Crawled caption data:
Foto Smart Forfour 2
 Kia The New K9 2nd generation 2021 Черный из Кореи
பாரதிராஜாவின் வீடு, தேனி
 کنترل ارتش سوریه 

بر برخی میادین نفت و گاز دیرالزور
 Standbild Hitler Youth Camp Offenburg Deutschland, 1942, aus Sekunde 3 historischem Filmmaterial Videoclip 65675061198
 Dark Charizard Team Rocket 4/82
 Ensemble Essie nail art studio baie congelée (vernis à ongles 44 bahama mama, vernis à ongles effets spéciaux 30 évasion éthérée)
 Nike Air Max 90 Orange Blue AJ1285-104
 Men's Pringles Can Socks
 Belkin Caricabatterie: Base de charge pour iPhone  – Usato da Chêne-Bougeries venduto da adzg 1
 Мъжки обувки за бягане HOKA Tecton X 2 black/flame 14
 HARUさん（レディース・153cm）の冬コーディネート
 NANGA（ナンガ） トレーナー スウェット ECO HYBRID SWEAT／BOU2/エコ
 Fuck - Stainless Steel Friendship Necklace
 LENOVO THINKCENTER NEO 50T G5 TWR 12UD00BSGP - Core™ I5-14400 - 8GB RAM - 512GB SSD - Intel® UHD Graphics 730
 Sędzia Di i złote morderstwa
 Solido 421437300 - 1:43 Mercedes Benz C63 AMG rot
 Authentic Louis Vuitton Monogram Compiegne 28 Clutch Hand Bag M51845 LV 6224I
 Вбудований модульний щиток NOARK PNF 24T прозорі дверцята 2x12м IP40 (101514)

[REQUIRED WORK]: Only the last part of the entries above is needed: please copy the line with "Belkin Caricabatterie: Base" and each line after it exactly.

[ANSWER]:
 Belkin Caricabatterie: Base de charge pour iPhone  – Usato da Chêne-Bougeries venduto da adzg 1
 Мъжки обувки за бягане HOKA Tecton X 2 black/flame 14
 HARUさん（レディース・153cm）の冬コーディネート
 NANGA（ナンガ） トレーナー スウェット ECO HYBRID SWEAT／BOU2/エコ
 Fuck - Stainless Steel Friendship Necklace
 LENOVO THINKCENTER NEO 50T G5 TWR 12UD00BSGP - Core™ I5-14400 - 8GB RAM - 512GB SSD - Intel® UHD Graphics 730
 Sędzia Di i złote morderstwa
 Solido 421437300 - 1:43 Mercedes Benz C63 AMG rot
 Authentic Louis Vuitton Monogram Compiegne 28 Clutch Hand Bag M51845 LV 6224I
 Вбудований модульний щиток NOARK PNF 24T прозорі дверцята 2x12м IP40 (101514)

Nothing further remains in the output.